David Gillies caught students copying physics reports. Nothing much happened to the cheaters.

About Joanne


  1. It isn’t just physics. I was in a chemistry class in high school with two sections, first period and fifth period, and I was in the fifth period class. The students in the first period class were fully expected to tell the fifth period students what was on that day’s test. I always walked away from conversations like that so that I wouldn’t overhear what was on the test. But the teacher insisted on curving each section separately (supposedly as a precaution against cheating!!!) and so I got a grade that was one full letter grade lower than I would have had were I in the first period class.

    I also knew a student who, despite being smart enough to earn his straight A’s, cheated in every class because he could. He announced publicly his intention to cheat his way through med school. I dearly hope he was caught at some time, because I shudder to think he might today be a doctor. I made a point of remembering his name so that I wouldn’t ever end up as his patient.

    And this was nearly 15 years ago. I can’t imagine how bad it’s probably gotten now.

  2. If teacher cannot (or will not) verify that a students work is really theirs, is it an effective assignment?

  3. Ah. You too as well as Samizdata. One never knows which of one’s posts is going to prove popular. Just so everyone knows, it was more than twenty years ago and I am a now a reformed character. OK? Good.

    Although I heard that scrutiny was made more rigorous in that particular course after I left, in my gloomier moments I think that the most likely thing to have changed since then is that, in general, today’s students wouldn’t be nearly as terrified as we were when discovery seemed imminent.

  4. Hi again, Natalie!

    For students frustrated with Physics experiments that don’t work, here’s one approach.

  5. Bob Hawkins says:

    I both took and later taught physics labs at Ohio State. Back then, at least, students wrote their reports in notebooks that never left the lab. Unless you had a photographic memory, this pretty much eliminated the problem of copying old reports.

    This meant that the labs had to be simple enough to do and write up in a 2-hour session. It’s not obvious to me that that’s bad. And at least, when you left the lab, you were done.

  6. Time to ‘fess up, I suppose…

    During my time in physics classes, I never once copied results. (I don’t think it ever even occured to me to copy previous groups’ results – that’s cheating and rather reprehensible, in my opinion.) But when the experiments went wrong – and god knows, they always did – we just figured out for ourselves about what the results should have been and then figured everything else out based on those numbers.
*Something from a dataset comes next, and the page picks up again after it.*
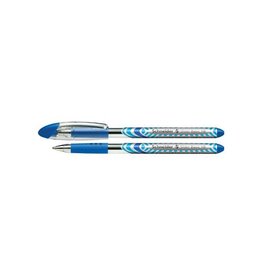 Schneider Schneider balpen Slider Basic, extra breed, blauw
We called it “dry labbing” – e.g.:

    “How did Experiment 5 turn out for you?”
    “Terrible, nothing worked – we had to dry lab it.”
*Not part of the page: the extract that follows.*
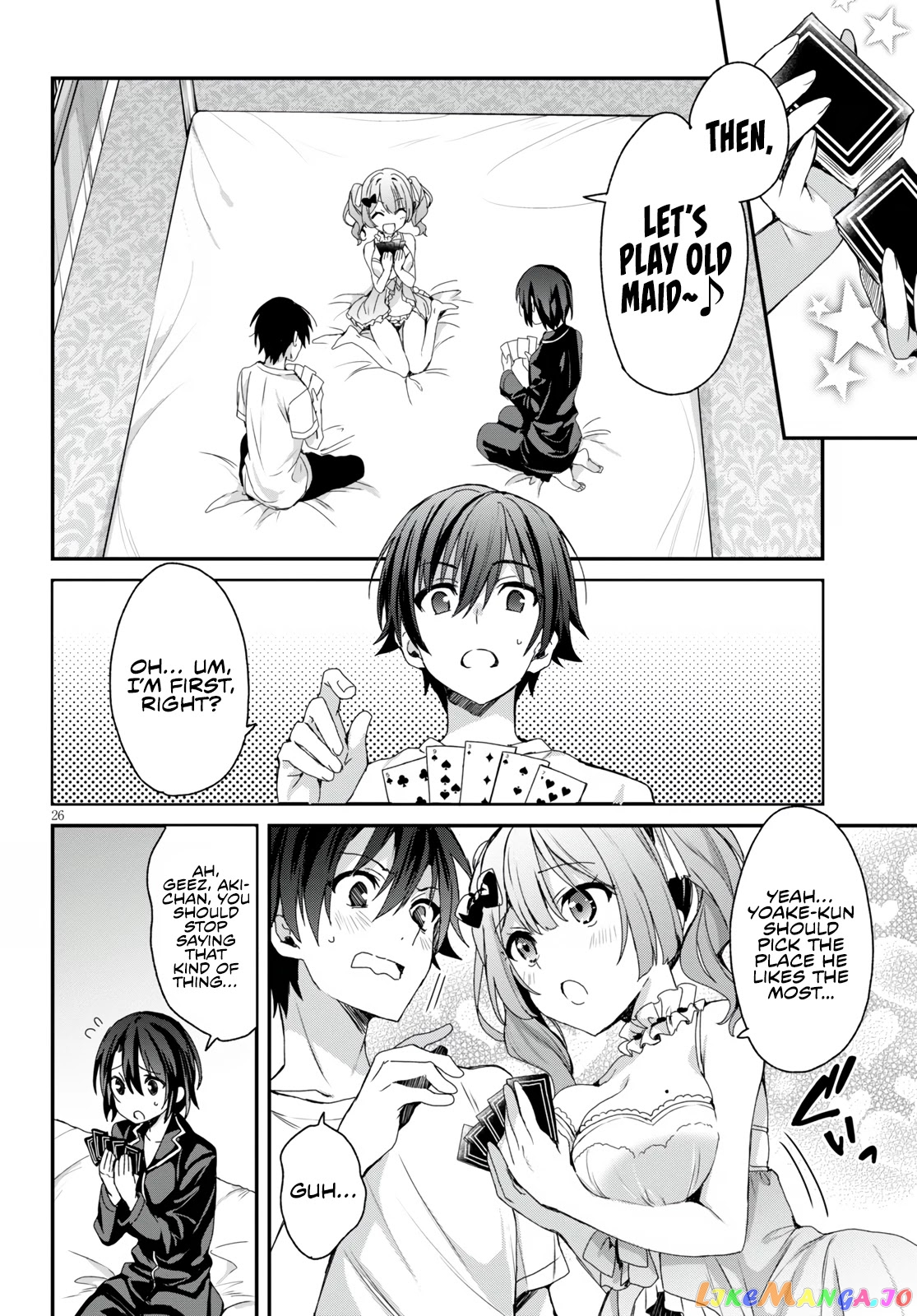The Four Sisters (Elves) Wait For The Night chapter 2 - page 27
  7. I flunked college chemistry, but the one time I dry labbed an experiment I got an excellent grade on it, and learned more than I had the rest of the semester. The student who let me work off his process sheet was not happy that I got two more points than he did. I went thru the whole thing forwards, derived the precise results, added 9.732% error and reconstructed it. If I’d had the discipline to do this all semester I might have passed.

  8. michaelh says:

    As far as I am aware, none of my physics peers did that. I certainly did not. Of course I would have been paralyzed with the fear of getting caught. It was a small liberal arts college and there were only 5 Physics majors in my class. We did the experiments and wrote them up as they happened, problems, unexpected results and all. And, being such a small department, we had a high level of attention from the department staff which consisted of only 3 professors. So the typical course of action, if we could not get the experiment to work, was to go get the appropriate professor and seek some clarification. If we were missing something we ought to have known, then they would leave us to work it out ourselves and report accordingly. If there there was some problem beyond our control or experience, the professor would help solve it or give us a strategy for getting around it. Ah the benefits of a great teacher to student ratio!